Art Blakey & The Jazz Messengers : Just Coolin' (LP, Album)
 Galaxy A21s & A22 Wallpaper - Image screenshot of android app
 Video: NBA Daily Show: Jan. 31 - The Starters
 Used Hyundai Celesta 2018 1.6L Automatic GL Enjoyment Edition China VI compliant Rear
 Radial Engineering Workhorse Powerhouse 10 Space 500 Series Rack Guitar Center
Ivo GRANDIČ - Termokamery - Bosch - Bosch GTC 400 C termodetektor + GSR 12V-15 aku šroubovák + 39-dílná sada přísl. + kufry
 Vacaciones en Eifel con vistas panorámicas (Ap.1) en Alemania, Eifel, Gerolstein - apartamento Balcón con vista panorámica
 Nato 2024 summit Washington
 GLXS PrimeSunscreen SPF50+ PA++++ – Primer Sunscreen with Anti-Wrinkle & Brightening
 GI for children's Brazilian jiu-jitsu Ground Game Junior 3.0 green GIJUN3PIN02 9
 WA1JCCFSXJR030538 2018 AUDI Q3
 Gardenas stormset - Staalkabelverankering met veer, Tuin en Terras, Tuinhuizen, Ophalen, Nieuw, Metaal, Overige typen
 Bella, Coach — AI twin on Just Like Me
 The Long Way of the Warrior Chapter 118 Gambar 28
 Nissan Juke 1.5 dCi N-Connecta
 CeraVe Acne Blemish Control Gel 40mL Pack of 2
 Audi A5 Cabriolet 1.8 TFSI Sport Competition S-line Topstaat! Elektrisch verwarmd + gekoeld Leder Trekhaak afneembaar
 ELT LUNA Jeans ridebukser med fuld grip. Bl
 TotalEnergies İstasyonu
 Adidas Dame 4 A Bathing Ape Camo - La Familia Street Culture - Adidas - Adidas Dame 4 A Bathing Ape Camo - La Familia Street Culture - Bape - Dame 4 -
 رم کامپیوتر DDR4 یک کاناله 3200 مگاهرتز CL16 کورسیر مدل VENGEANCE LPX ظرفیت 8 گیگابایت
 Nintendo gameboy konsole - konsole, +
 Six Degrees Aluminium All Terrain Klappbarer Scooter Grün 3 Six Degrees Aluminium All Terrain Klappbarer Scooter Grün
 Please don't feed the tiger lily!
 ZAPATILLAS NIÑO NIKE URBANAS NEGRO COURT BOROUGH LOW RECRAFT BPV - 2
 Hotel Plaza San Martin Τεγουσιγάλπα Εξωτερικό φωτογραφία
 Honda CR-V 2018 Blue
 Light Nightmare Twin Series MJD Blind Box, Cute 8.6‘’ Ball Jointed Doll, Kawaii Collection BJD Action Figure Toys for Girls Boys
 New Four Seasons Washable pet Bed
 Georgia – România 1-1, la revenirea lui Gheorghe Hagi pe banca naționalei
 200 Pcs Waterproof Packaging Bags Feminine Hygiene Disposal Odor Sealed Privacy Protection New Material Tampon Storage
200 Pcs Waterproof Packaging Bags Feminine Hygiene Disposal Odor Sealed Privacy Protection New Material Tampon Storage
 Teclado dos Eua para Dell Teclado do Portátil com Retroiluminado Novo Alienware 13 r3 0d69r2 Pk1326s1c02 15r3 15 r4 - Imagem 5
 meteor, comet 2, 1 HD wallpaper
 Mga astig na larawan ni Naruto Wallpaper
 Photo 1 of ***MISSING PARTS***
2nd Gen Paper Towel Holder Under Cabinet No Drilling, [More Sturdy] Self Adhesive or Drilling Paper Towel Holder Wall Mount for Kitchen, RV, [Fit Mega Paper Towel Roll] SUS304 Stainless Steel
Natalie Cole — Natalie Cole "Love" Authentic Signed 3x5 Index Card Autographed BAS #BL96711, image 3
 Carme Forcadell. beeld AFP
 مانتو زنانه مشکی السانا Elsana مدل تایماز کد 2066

§ Instructions to follow:
Could you retype every record above exactly as it appears?

§ Task result:
Art Blakey & The Jazz Messengers : Just Coolin' (LP, Album)
 Galaxy A21s & A22 Wallpaper - Image screenshot of android app
 Video: NBA Daily Show: Jan. 31 - The Starters
 Used Hyundai Celesta 2018 1.6L Automatic GL Enjoyment Edition China VI compliant Rear
 Radial Engineering Workhorse Powerhouse 10 Space 500 Series Rack Guitar Center
Ivo GRANDIČ - Termokamery - Bosch - Bosch GTC 400 C termodetektor + GSR 12V-15 aku šroubovák + 39-dílná sada přísl. + kufry
 Vacaciones en Eifel con vistas panorámicas (Ap.1) en Alemania, Eifel, Gerolstein - apartamento Balcón con vista panorámica
 Nato 2024 summit Washington
 GLXS PrimeSunscreen SPF50+ PA++++ – Primer Sunscreen with Anti-Wrinkle & Brightening
 GI for children's Brazilian jiu-jitsu Ground Game Junior 3.0 green GIJUN3PIN02 9
 WA1JCCFSXJR030538 2018 AUDI Q3
 Gardenas stormset - Staalkabelverankering met veer, Tuin en Terras, Tuinhuizen, Ophalen, Nieuw, Metaal, Overige typen
 Bella, Coach — AI twin on Just Like Me
 The Long Way of the Warrior Chapter 118 Gambar 28
 Nissan Juke 1.5 dCi N-Connecta
 CeraVe Acne Blemish Control Gel 40mL Pack of 2
 Audi A5 Cabriolet 1.8 TFSI Sport Competition S-line Topstaat! Elektrisch verwarmd + gekoeld Leder Trekhaak afneembaar
 ELT LUNA Jeans ridebukser med fuld grip. Bl
 TotalEnergies İstasyonu
 Adidas Dame 4 A Bathing Ape Camo - La Familia Street Culture - Adidas - Adidas Dame 4 A Bathing Ape Camo - La Familia Street Culture - Bape - Dame 4 -
 رم کامپیوتر DDR4 یک کاناله 3200 مگاهرتز CL16 کورسیر مدل VENGEANCE LPX ظرفیت 8 گیگابایت
 Nintendo gameboy konsole - konsole, +
 Six Degrees Aluminium All Terrain Klappbarer Scooter Grün 3 Six Degrees Aluminium All Terrain Klappbarer Scooter Grün
 Please don't feed the tiger lily!
 ZAPATILLAS NIÑO NIKE URBANAS NEGRO COURT BOROUGH LOW RECRAFT BPV - 2
 Hotel Plaza San Martin Τεγουσιγάλπα Εξωτερικό φωτογραφία
 Honda CR-V 2018 Blue
 Light Nightmare Twin Series MJD Blind Box, Cute 8.6‘’ Ball Jointed Doll, Kawaii Collection BJD Action Figure Toys for Girls Boys
 New Four Seasons Washable pet Bed
 Georgia – România 1-1, la revenirea lui Gheorghe Hagi pe banca naționalei
 200 Pcs Waterproof Packaging Bags Feminine Hygiene Disposal Odor Sealed Privacy Protection New Material Tampon Storage
200 Pcs Waterproof Packaging Bags Feminine Hygiene Disposal Odor Sealed Privacy Protection New Material Tampon Storage
 Teclado dos Eua para Dell Teclado do Portátil com Retroiluminado Novo Alienware 13 r3 0d69r2 Pk1326s1c02 15r3 15 r4 - Imagem 5
 meteor, comet 2, 1 HD wallpaper
 Mga astig na larawan ni Naruto Wallpaper
 Photo 1 of ***MISSING PARTS***
2nd Gen Paper Towel Holder Under Cabinet No Drilling, [More Sturdy] Self Adhesive or Drilling Paper Towel Holder Wall Mount for Kitchen, RV, [Fit Mega Paper Towel Roll] SUS304 Stainless Steel
Natalie Cole — Natalie Cole "Love" Authentic Signed 3x5 Index Card Autographed BAS #BL96711, image 3
 Carme Forcadell. beeld AFP
 مانتو زنانه مشکی السانا Elsana مدل تایماز کد 2066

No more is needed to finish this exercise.